I fence foil. Which means that my legs are not part of the target area. So I don't usually wear my knickers unless I'm competing. (Let me clarify that "knickers" is a technical term for fencing pants, not a Britishism for underwear.) And as it was 83 in Minneapolis yesterday, and I train in an un-airconditioned basement, I wore warm up pants last night.

Which is why the young man I was fencing against managed to get his foil underneath the hem of my jacket and open up a line along my flank. (Knickers would have overlapped with the jacket further. What happened was my fault. And not at all the usual sort of thing in modern fencing.) We both thought it was just a hard hit until we noticed that my weapon stopped registering touches, and realized he had sliced through my body cord.

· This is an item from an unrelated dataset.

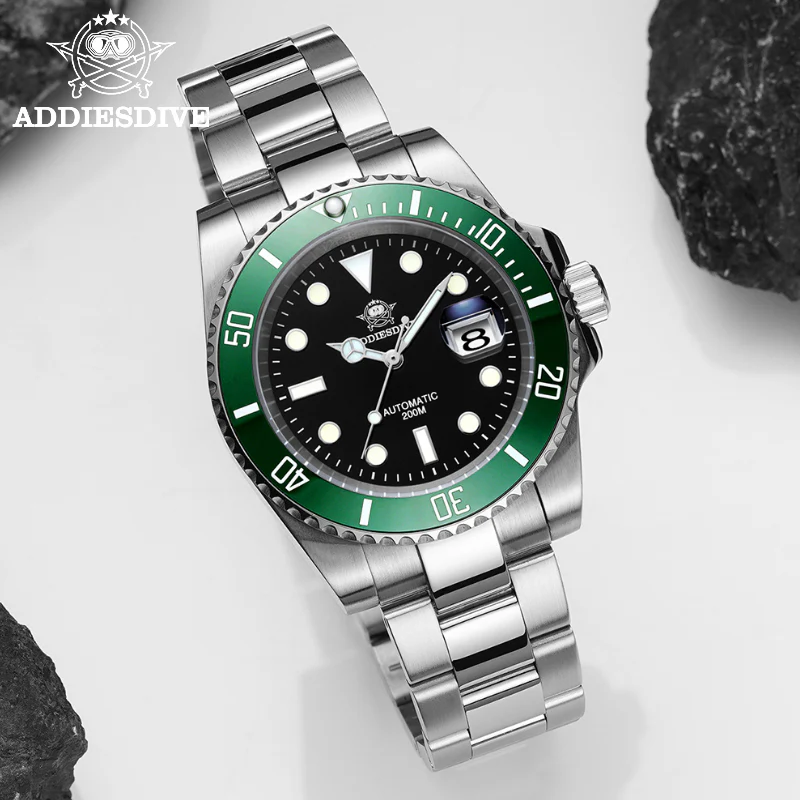 ★Holiday Sale★ADDIESDIVE Men's Automatic Diving Watch Diver's 200M NH35A/8215 (H3AC) - Image 12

Then while swapping out body cords, my hand came away sticky, and he said, "Um, that's an awful lot of blood." At which point his eyes rolled back in his head, and I decided I was done with training for the evening.

I am going to have an awesome scar. However, being slashed open with a sword, even in a fairly minor manner, feels, well, about like you would expect it to. Not awesome.

But the best part was when I was walking the dog, and bent over to hug a little neighborhood girl. She saw the bandage and asked how I got the owie. I explained that it was from a sword. She paused, and then very seriously asked, "Are you a pirate?"